My father insisted that my family move every two years. It was as if he couldn’t stand the feeling of grass growing beneath his feet. As soon as a house became home we had to pack up our toys and books, and take the pictures off the freshly painted walls. My mother hated this nomadic existence. “I would have made a bad gypsy,” she used to tell me in hindsight as old age overtook her. If she traveled anywhere for more than a day she dragged along a firm pillow, a hairdryer, and — like a good Latina — a make-up case the size of a toolbox with its own light-up mirror.
The year I turned three my father was diagnosed with ALS, and in the confusion that illness brings, the biennial move was forgotten. We spent the next couple of years traveling to see specialists around the country during breaks from school and my father’s academic job. For the benefit of us children these trips were disguised as family vacations, but though we never discussed it I think all of us knew that our time together was fleeting. Despite the fact that I was quite young at the time, the memories of these family trips are strong, particularly of the motels in which we stayed. Each time I would unpack my bags and carefully place my small clothes in a dresser drawer, no matter how short the stay. I wanted to make the motel room mine… ours. Keenly focused images of these places haunt my memory to this day.

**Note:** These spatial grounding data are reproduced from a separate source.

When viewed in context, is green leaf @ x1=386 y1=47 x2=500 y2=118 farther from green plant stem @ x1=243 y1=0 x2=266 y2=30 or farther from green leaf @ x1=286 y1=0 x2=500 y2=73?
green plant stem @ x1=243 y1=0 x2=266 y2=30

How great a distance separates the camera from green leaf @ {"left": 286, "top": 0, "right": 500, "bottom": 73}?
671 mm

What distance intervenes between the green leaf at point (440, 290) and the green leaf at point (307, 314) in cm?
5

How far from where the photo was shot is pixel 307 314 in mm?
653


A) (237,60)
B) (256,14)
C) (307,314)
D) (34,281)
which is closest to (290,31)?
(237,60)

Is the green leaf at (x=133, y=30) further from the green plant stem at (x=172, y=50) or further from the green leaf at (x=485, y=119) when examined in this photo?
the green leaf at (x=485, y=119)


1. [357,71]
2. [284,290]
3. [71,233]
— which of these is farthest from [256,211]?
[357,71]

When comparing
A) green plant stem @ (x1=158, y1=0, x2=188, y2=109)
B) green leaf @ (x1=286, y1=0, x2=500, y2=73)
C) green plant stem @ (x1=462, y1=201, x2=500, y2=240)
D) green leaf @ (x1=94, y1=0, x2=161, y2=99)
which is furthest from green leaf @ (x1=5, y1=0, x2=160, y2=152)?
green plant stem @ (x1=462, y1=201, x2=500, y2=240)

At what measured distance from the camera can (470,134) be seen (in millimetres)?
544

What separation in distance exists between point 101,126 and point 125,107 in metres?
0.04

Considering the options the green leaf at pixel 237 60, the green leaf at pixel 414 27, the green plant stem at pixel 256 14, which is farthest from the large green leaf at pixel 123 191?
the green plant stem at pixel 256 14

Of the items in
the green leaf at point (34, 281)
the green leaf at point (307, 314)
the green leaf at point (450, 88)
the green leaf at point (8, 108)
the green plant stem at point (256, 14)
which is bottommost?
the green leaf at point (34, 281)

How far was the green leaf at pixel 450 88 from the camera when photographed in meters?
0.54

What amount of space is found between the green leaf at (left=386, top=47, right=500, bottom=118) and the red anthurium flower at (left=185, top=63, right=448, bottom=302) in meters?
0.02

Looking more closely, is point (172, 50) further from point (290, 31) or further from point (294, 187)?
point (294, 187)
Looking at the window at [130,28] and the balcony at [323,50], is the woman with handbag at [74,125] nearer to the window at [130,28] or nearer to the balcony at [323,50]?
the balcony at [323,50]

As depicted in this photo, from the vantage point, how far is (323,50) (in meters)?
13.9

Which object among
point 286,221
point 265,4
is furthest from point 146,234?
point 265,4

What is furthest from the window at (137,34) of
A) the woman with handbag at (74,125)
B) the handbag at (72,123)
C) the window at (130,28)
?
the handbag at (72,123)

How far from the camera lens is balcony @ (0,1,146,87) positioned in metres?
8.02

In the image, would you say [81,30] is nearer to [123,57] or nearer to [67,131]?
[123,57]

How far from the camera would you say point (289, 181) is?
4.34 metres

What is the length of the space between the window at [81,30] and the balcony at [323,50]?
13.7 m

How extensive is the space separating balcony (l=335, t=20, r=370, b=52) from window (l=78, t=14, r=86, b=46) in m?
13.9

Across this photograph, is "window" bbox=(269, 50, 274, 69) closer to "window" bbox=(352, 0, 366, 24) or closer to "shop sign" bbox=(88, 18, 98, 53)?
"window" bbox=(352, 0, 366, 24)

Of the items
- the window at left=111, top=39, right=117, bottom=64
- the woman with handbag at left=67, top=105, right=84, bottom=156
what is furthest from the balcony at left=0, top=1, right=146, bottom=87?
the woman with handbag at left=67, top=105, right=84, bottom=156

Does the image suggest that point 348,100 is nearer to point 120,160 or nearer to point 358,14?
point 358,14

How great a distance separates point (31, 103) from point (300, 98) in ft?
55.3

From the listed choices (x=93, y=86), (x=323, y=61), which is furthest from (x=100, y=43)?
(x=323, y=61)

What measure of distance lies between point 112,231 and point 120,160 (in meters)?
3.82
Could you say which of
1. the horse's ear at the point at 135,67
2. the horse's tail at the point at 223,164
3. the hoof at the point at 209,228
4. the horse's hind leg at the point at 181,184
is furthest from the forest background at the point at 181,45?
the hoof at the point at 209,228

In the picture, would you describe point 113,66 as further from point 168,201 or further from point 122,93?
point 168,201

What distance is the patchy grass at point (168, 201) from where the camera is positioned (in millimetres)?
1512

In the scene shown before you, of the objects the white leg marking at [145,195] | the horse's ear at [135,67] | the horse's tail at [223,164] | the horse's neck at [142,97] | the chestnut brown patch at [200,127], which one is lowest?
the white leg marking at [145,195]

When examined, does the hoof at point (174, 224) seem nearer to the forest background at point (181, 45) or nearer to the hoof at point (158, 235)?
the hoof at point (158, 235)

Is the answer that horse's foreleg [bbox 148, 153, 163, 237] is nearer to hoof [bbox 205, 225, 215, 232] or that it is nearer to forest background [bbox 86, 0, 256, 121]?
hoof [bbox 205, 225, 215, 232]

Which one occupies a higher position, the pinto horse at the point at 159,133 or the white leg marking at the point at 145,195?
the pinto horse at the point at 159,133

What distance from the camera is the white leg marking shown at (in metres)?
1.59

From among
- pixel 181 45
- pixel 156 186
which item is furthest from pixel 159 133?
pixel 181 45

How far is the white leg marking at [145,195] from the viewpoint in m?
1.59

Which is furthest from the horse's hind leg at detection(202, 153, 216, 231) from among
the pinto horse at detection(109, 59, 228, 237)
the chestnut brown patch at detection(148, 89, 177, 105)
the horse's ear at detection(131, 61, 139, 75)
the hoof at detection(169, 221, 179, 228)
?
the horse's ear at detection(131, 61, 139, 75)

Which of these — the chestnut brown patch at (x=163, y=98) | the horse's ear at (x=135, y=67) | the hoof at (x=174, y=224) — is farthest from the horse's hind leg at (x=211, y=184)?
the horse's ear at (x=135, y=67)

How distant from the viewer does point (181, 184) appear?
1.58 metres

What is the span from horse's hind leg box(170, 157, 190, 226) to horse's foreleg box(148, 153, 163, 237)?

The clearest memory I have is of the Tiki pool house — a popular theme in 1960s decorating — at a motel we stayed at in Washington D.C. I particularly remember walking out of the main building with my mother and brother John. This excursion was very unusual as it was past my bedtime and my mother had never expressed an interest in swimming, but I was not going to question why and take the chance of breaking the spell. I skipped along, giddy with the anticipation and excitement of swimming at night for the first time. I watched my flip-flops slosh along the wet grass and stones, my thirsty stamped motel towel over my arm, the moon gleaming off of my sloppily painted peppermint pink toenails.